Sunday, 11 May 2014

Levitation Photography: Techniques for Defying Gravity

Levitation Photography: Techniques for Defying Gravity

Link to PictureCorrect Photography Tips

Levitation Photography: Techniques for Defying Gravity

Posted: 10 May 2014 08:47 PM PDT

Levitation is one of the most intriguing subjects in trick photography; it has inspired millions of people since its invention in the mid-19th century. The ability to harness the creative aspects of the photographer and combine it with real-life images has resulted in a combined revolution of art and science.

levitation photographers

“Photographer Levitation” captured by Louish Pixel

One of the simplest, yet most overwhelming and inspiring feelings is found in the types of photographs where the subject seems to levitate above the ground. Levitation photography is still one of the most eye-catching and spectacular types of photographic subjects. However, despite the seemingly complex nature of these photographs, many of them are simple to achieve, either all in-camera, or with the use of technology such as Photoshop or an application on your phone.

For most amateur or aspiring photographers, the ability to improve picture-taking skills is actually easier than we might think. This article shows you how to incorporate this type of special effect into your repertoire. The following techniques will help you accomplish levitation photography:

Jumping Technique

The most spectacular effects are the simplest of all to photograph.

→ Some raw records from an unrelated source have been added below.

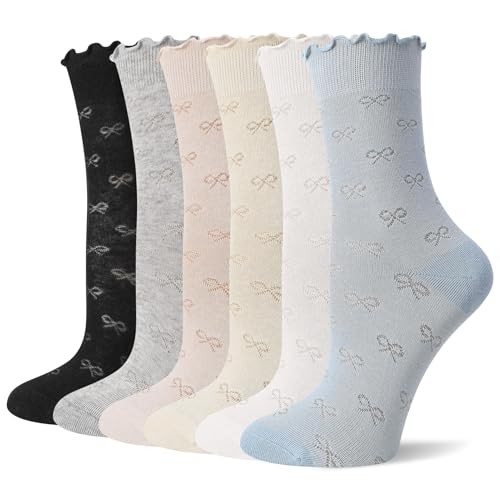 6 Pairs Women’s Ruffle Socks Casual Cotton Black White Beige Pink Gray Blue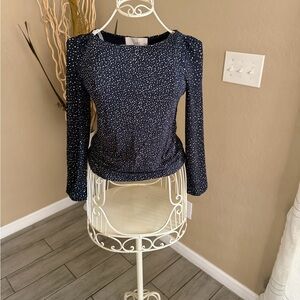 LOFT Navy and White Dot Long-Sleeve Top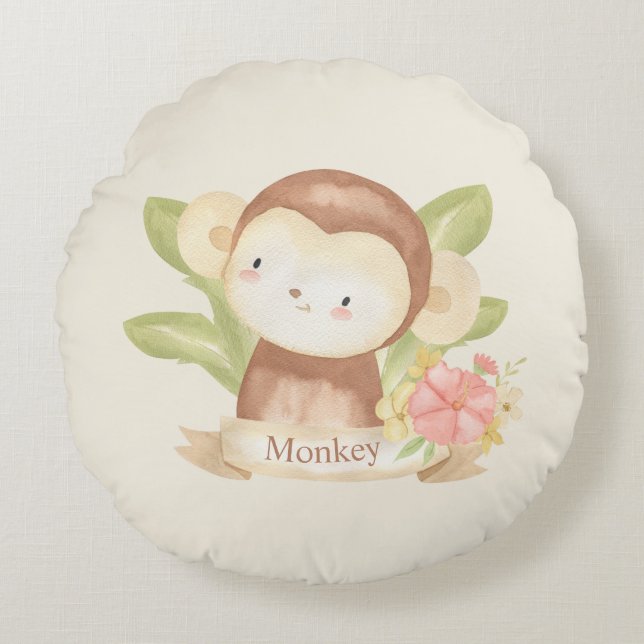 Cute Safari Animal Green Stripes Baby Monkey Baby Round Cushion (Front)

The subject simply jumps in place, above the ground, and then the photographer snaps the picture. There are no post-production or editing effects required, since everything takes place inside the camera. However, it does take more than just simple jumping to achieve the effect.

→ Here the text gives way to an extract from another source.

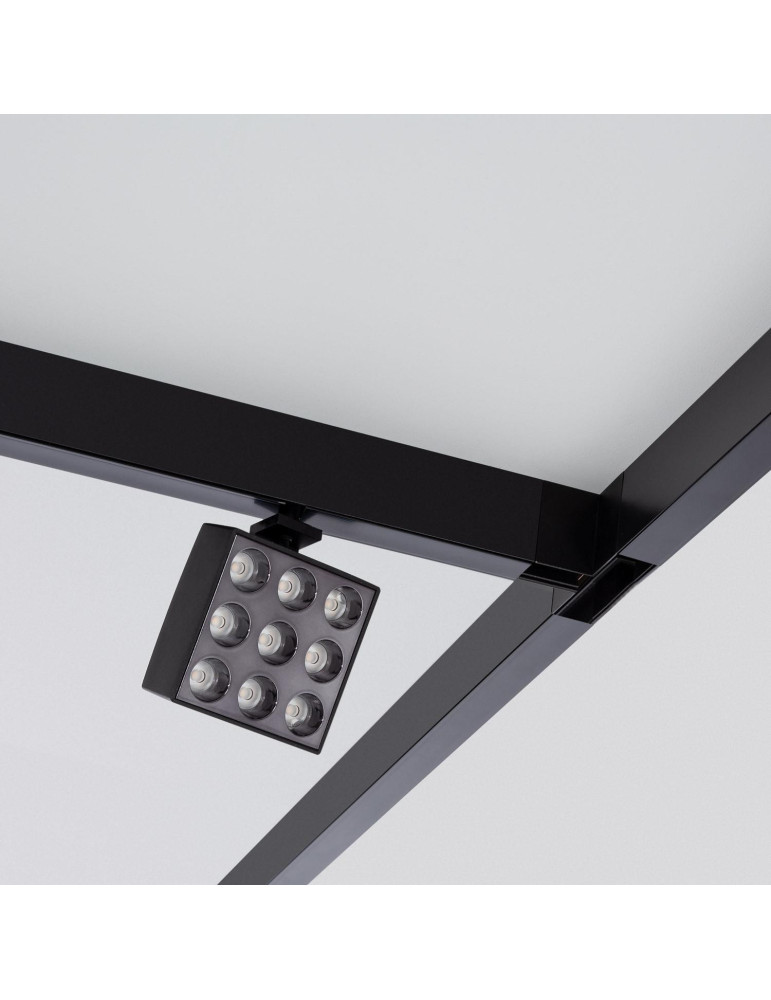 Spot LED sur Rail Magnétique 20mm 15W Optic 48V Noir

Stationary objects should also be included. In other words, the levitation effect is more pronounced when we see objects that are normally stationary in the frame of the picture, such as a house, vehicle, furniture, or any type of stationary object in a levitated position.

The human subject must not look like he or she is jumping. You can achieve this stationary position with a calm expression on the face, slight bending of the knees so that the feet appear to be floating effortlessly off the ground, and some kind of rigidity in the clothing that does not give away the subject’s motion.

levitation photography

“Test” captured by Amy Constanza (Click image to see more from Constanza).

If your subject has long hair, it’s important to press the shutter button during the middle of a jump and not in the final phase while the subject is descending with their hair appearing to be hanging from the sky. You can also use hair styling product to minimize hair movement to make the shoot easier.

The shutter speed on your camera must be set fast enough so that there is no motion blur. You can hire a skilled model, particularly a dancer or athlete who is accustomed to jumping, to create a more realistic effect.

Double Frame Technique

The next type of levitation trick is using objects, for example stools and ladders, to support the subject. After this, you mask out the subject in post-production editing with the use of photo editing software (e.g. Adobe Photoshop). This is perhaps the most common type of levitation photography.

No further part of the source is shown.